REQUIRED WORK: Starting with the line that contains "Bathroom Vanity Sink" and ending with the last line of the entries, repeat exactly those lines and nothing else, pictures excluded.

(Scraped caption text data)
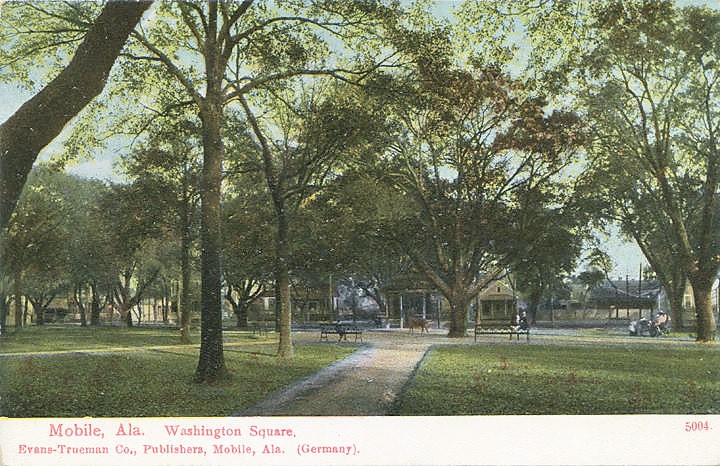 Postcard of Washington Square c.1900 with the deer at the end of the walk source: Alabama Department of Archives and History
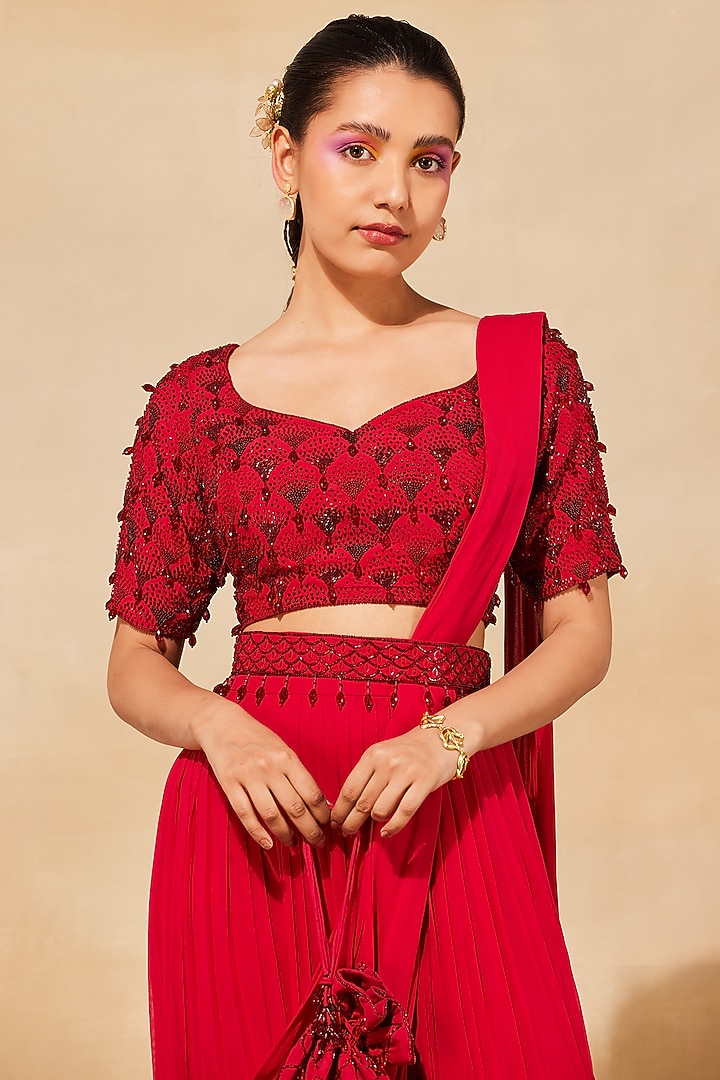 Crimson Red Georgette & Cotton Silk Tiered Skirt Wedding Saree Set by DiyaRajvvir at Pernia's Pop Up Shop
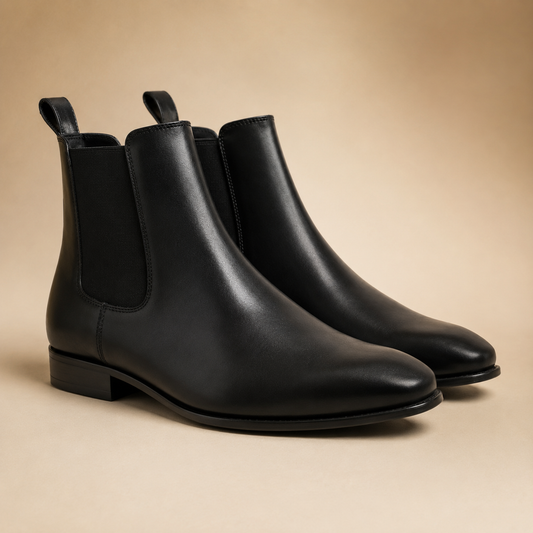 Aruza Men's Black Leather Chelsea Boots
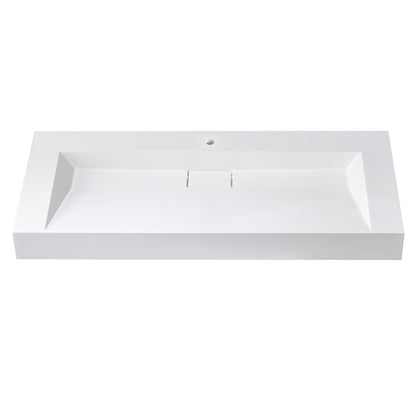Vinnova Vera 47.4" Rectangular White Composite Granite Stone Console Bathroom Vanity Sink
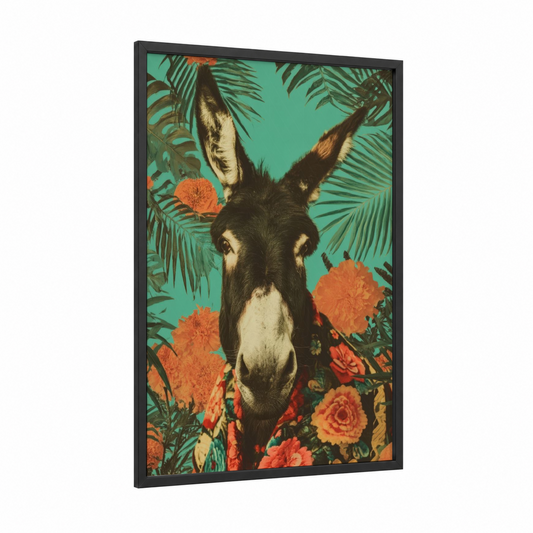 Tropical Donkey framed art print — black wood frame — teal and orange palette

SOLUTION BELOW:
Vinnova Vera 47.4" Rectangular White Composite Granite Stone Console Bathroom Vanity Sink
 Tropical Donkey framed art print — black wood frame — teal and orange palette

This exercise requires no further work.